Is there an M68K CPU that’s considered “fast enough” for most things today or is this a fun retro-computing effort?


There actually exists an insane project by some madmen that implements a modern OoO 68k-compatible core. It has a typical IPC north of 3! (compared to a real 68k, which is lucky to have an IPC of 0.3 on a good day). It is truly a work of marvel!

http://www.apollo-core.com/index.htm?page=features


afaics this is used in Amiga accelerator cards and doubles the performance of an Amiga A4000 which ran at 25MHz. So nothing we'd really consider modern.


I suspect you might be mistaken. The IPC uplift at same clock rate compared to a stock 68k is over 5x in all cases, often more.

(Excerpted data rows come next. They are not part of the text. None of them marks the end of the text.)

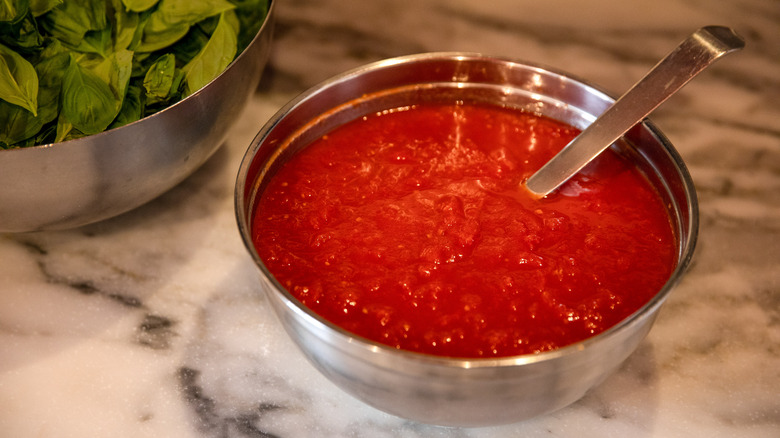 tomato sauce in bowl with ladle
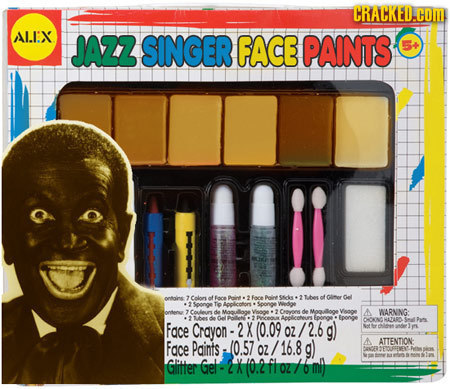 CRACKED.COM AIIY JAZZ SINGER FACE PAINTS 54 nlniene Colors ce Feie Scks tbes of ho el Sponge To A WARNING: Face OCONCHATARO Pon Crayon- N Face Paints:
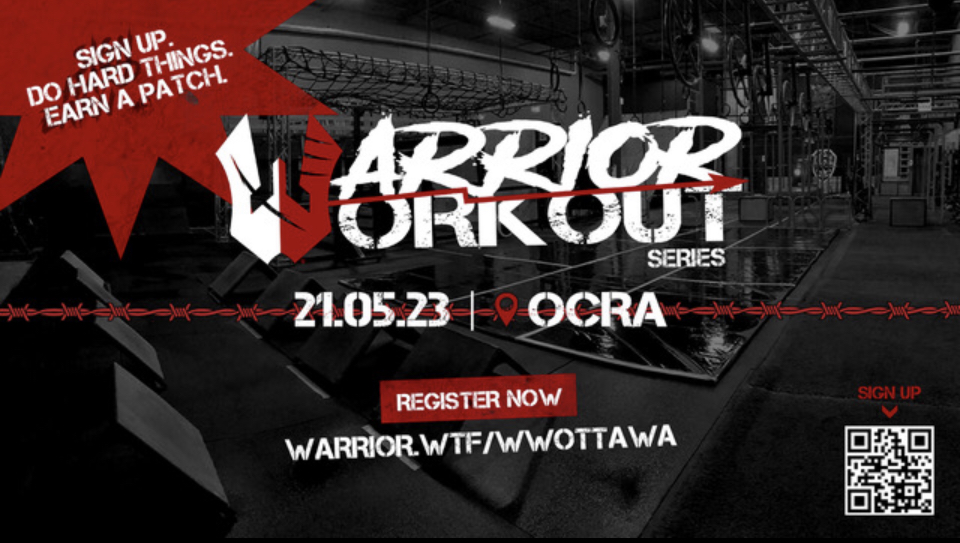 Accept the Warrior Workout challenge and earn your exclusive finisher's patch ! ⚡ Register now - https://warrior.wtf/wwottawa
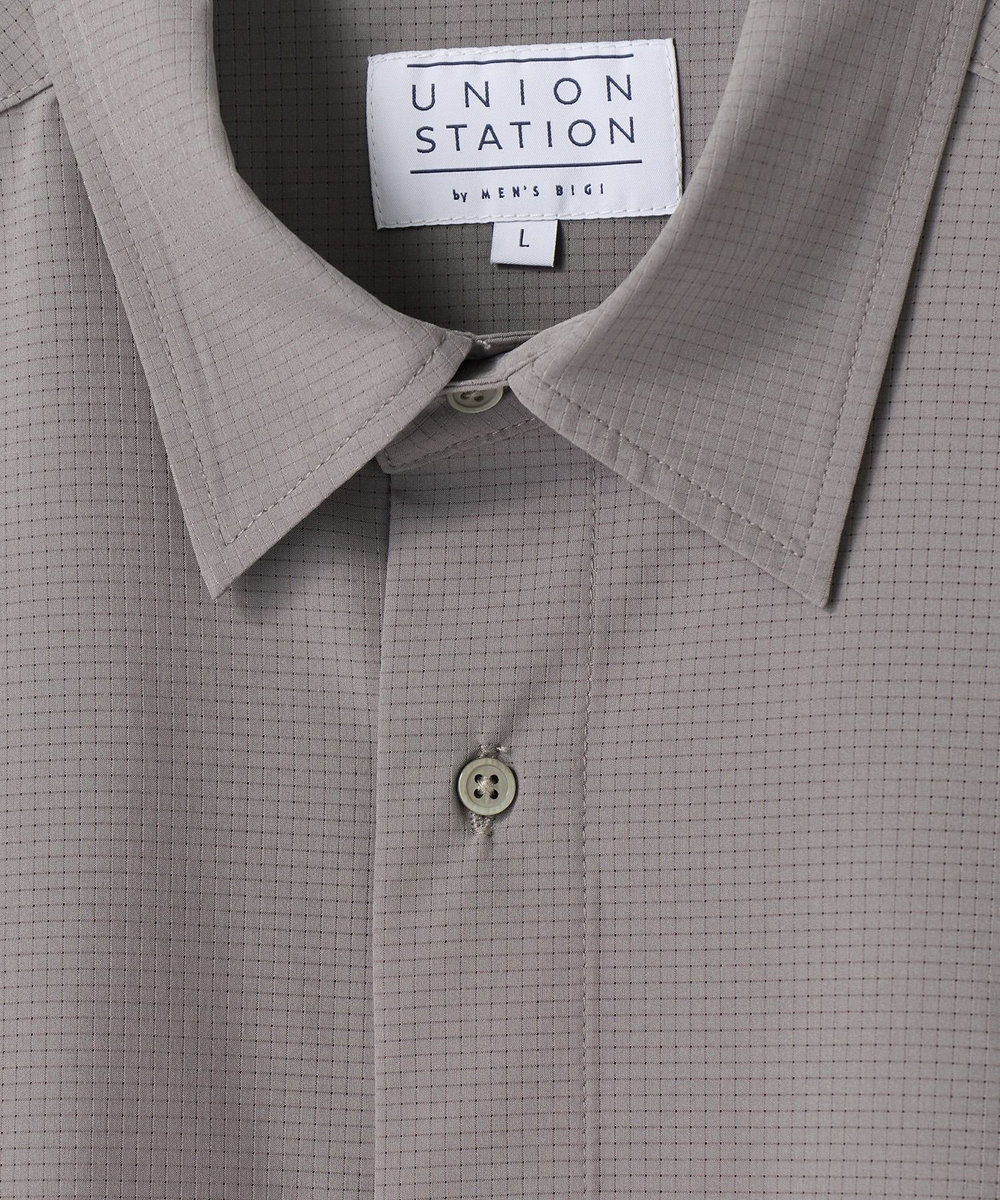 UNION STATION ドットメッシュレギュラーカラーシャツ〈ストレッチ・マシンウォッシャブル・軽量・接触冷感・通気性〉 グレー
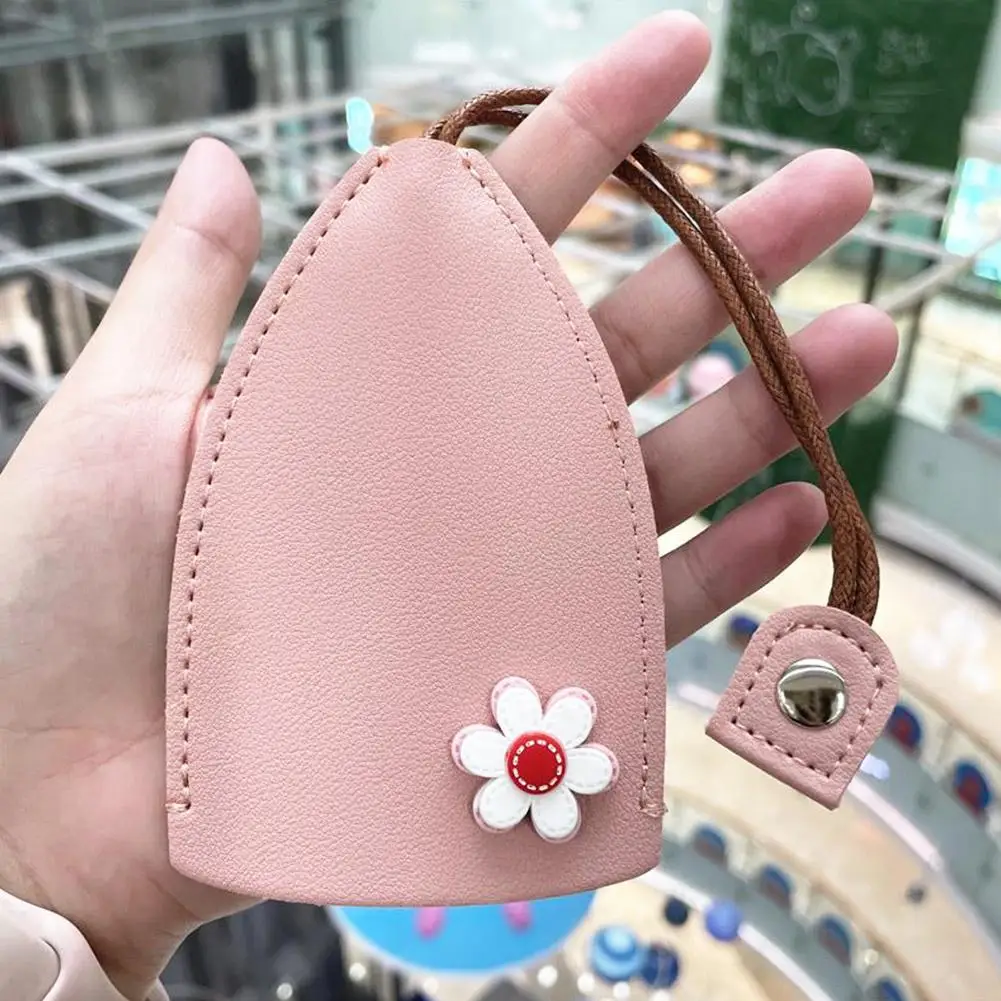 Kawaii Koki funda extraíble para llaves, soporte de cuero para llaves, lazo de flores encantador, bolso para llaves, billetera de bolsillo, llavero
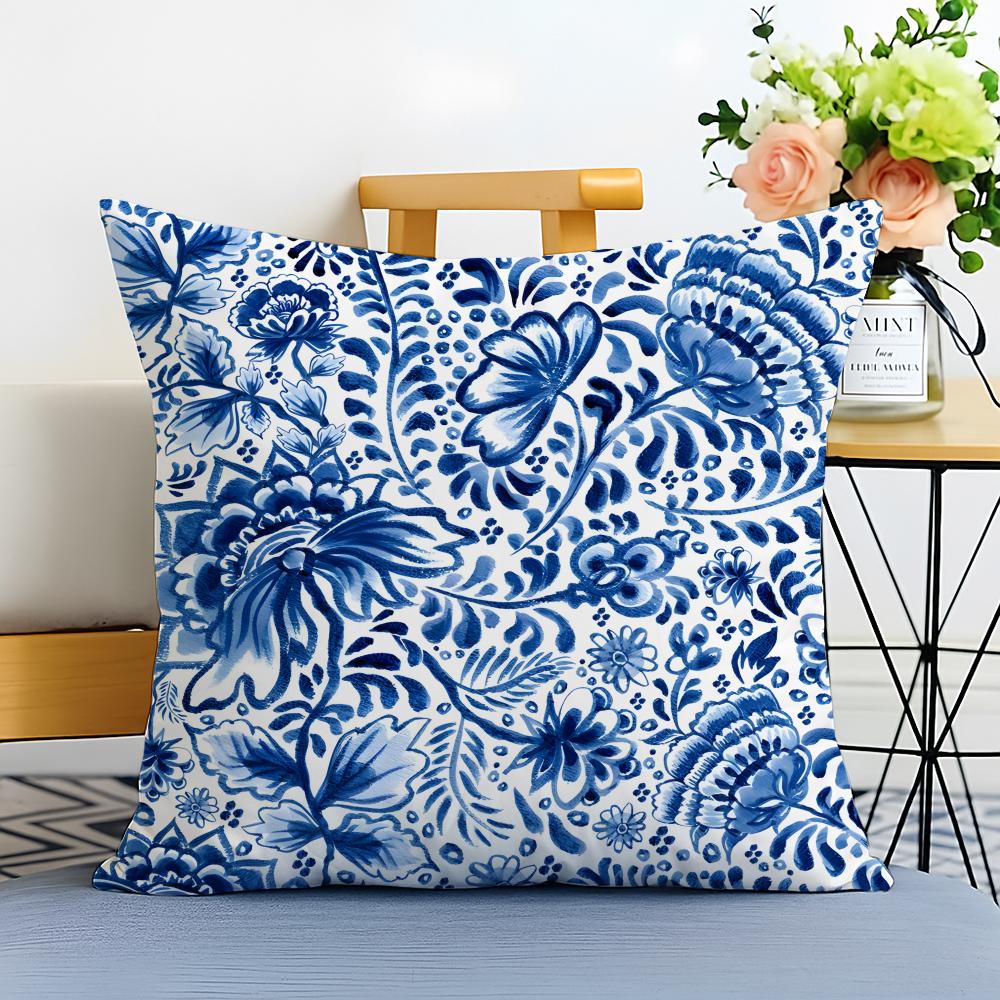 Blue and White Porcelain Cushion Cover Washable Linen Pillowcase Soft  for Sofa Bed Cozy Home Room Decor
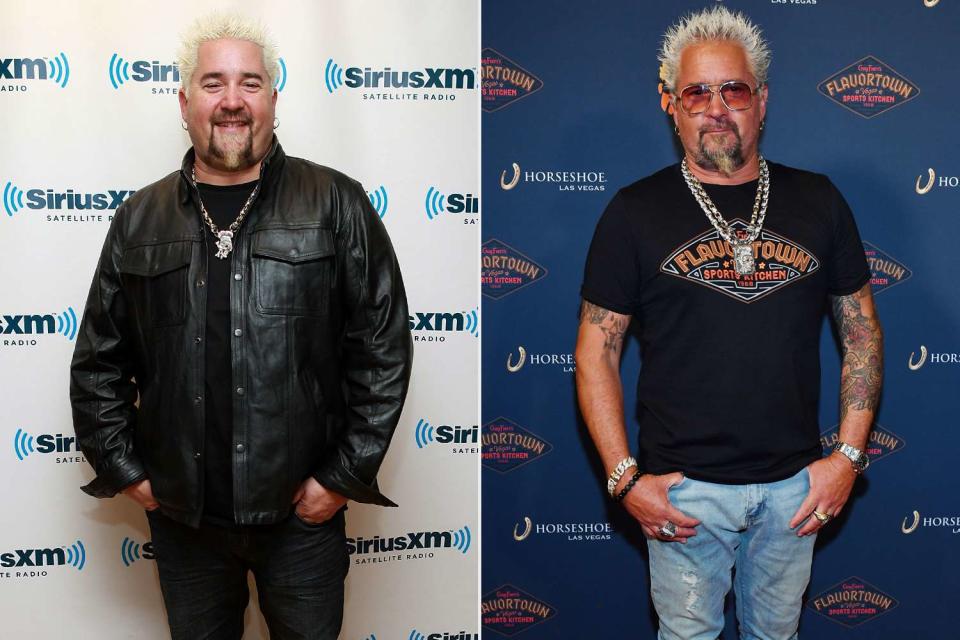 <p>Robin Marchant/Getty Images; Denise Truscello/Getty Images </p> Guy Fieri before and after his 30 lbs. weight loss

this is a proprietary FPGA design. The effective performance is limited by FPGA technology for now. Maybe additionnal design work would be required for an ASIC targeting latest foundry nodes.


As well as the Apollo FPGA emulated one there's an ARM based M68K emulator https://github.com/michalsc/Emu68


I don't know if the NXP ColdFire CPUs are available anymore, but they continued development for a while.

https://en.m.wikipedia.org/wiki/NXP_ColdFire


I keep getting LLVM confused with LLM. So I assumed this was a LLM fine-tuned for writing M68k assembly code somehow.

Not sure about M68k but maybe there is an 8 bit system with enough documented assembly code and combining that with the text of the manuals.. maybe there is a way to somehow make a text-to-8bit assembly program AI model.